◆ Activity:
What you return must be the lines from the first one below through the one containing "Snow Flake White", exactly and with pictures excluded.

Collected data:
= Beginning of Section =

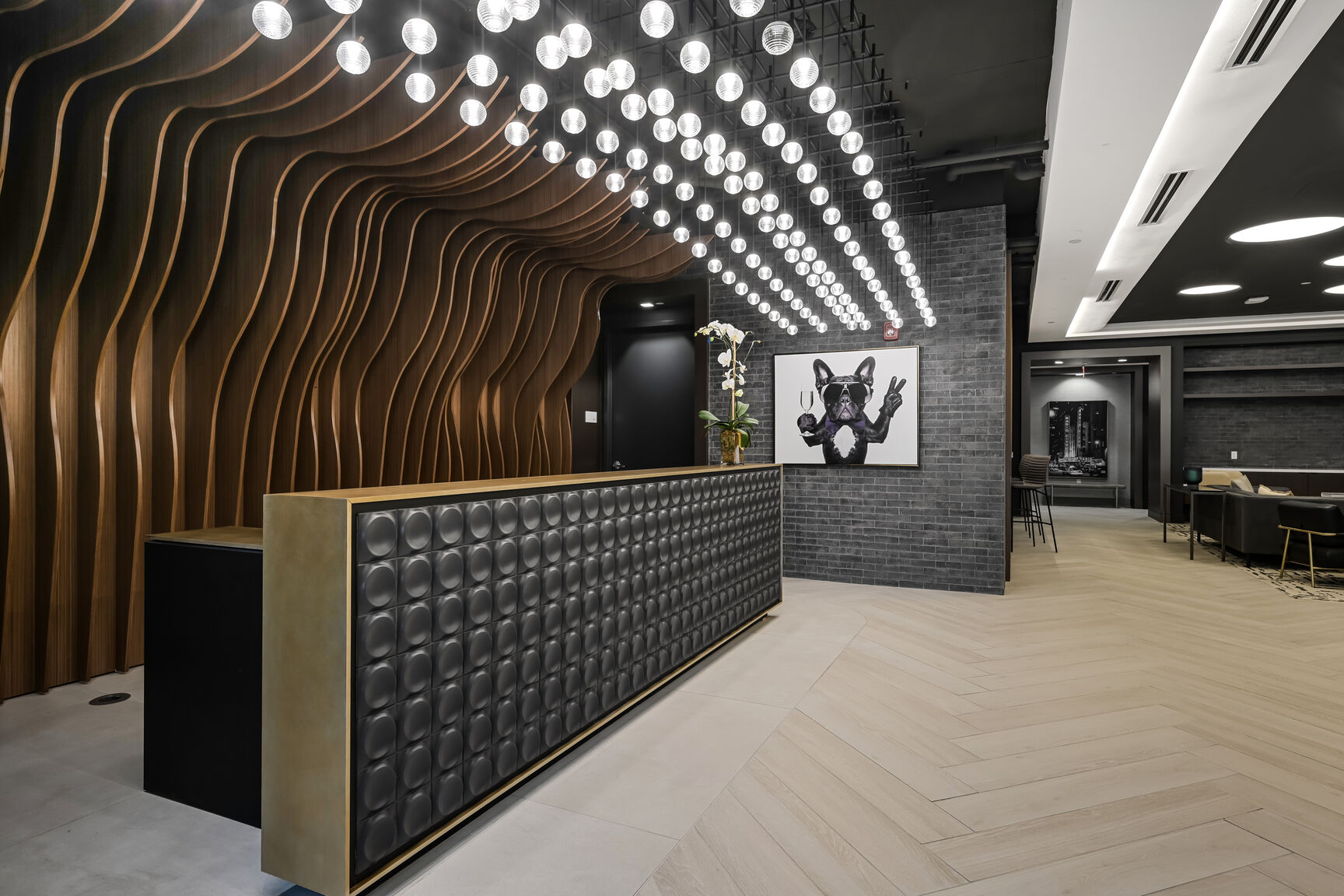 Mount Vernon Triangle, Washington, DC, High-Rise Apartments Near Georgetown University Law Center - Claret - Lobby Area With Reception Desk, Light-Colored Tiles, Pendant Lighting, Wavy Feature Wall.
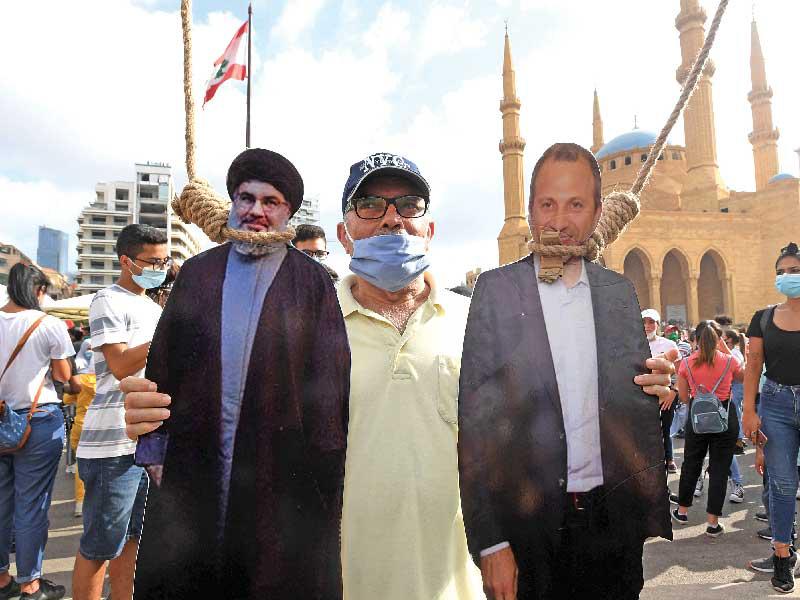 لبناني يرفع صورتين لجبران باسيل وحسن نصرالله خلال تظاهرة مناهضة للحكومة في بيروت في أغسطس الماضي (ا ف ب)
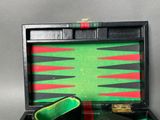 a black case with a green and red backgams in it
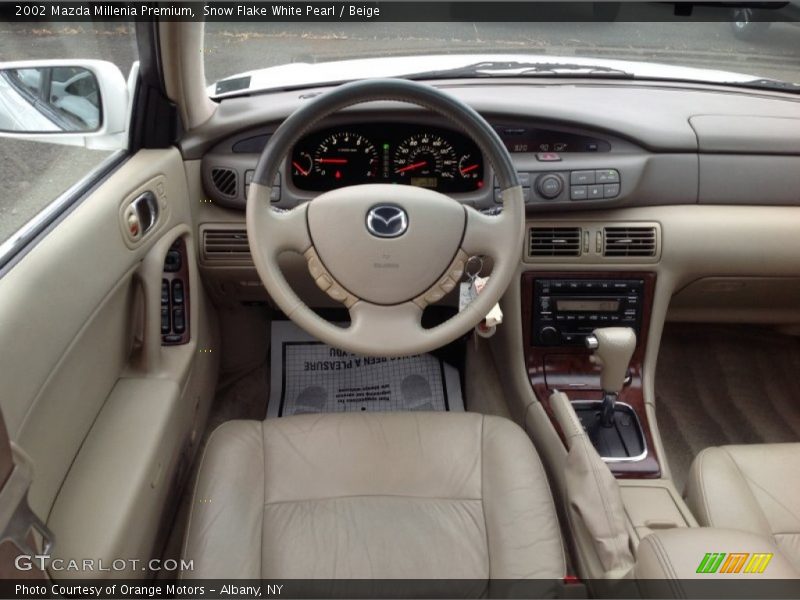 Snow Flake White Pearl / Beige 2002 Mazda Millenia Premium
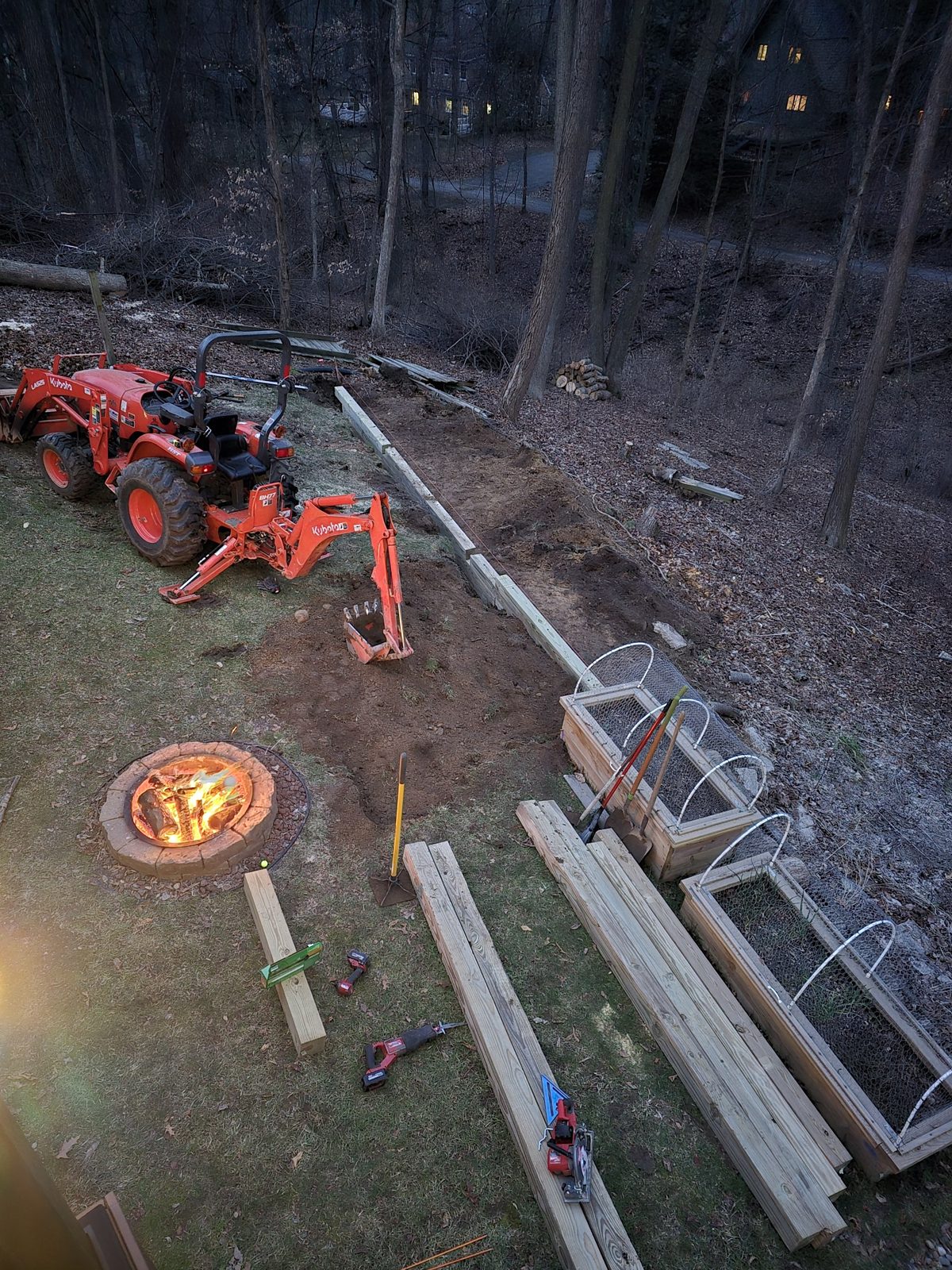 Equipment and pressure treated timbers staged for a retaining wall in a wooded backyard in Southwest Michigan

= End of Section =

◆ Your response:
 Mount Vernon Triangle, Washington, DC, High-Rise Apartments Near Georgetown University Law Center - Claret - Lobby Area With Reception Desk, Light-Colored Tiles, Pendant Lighting, Wavy Feature Wall.
 لبناني يرفع صورتين لجبران باسيل وحسن نصرالله خلال تظاهرة مناهضة للحكومة في بيروت في أغسطس الماضي (ا ف ب)
 a black case with a green and red backgams in it
 Snow Flake White Pearl / Beige 2002 Mazda Millenia Premium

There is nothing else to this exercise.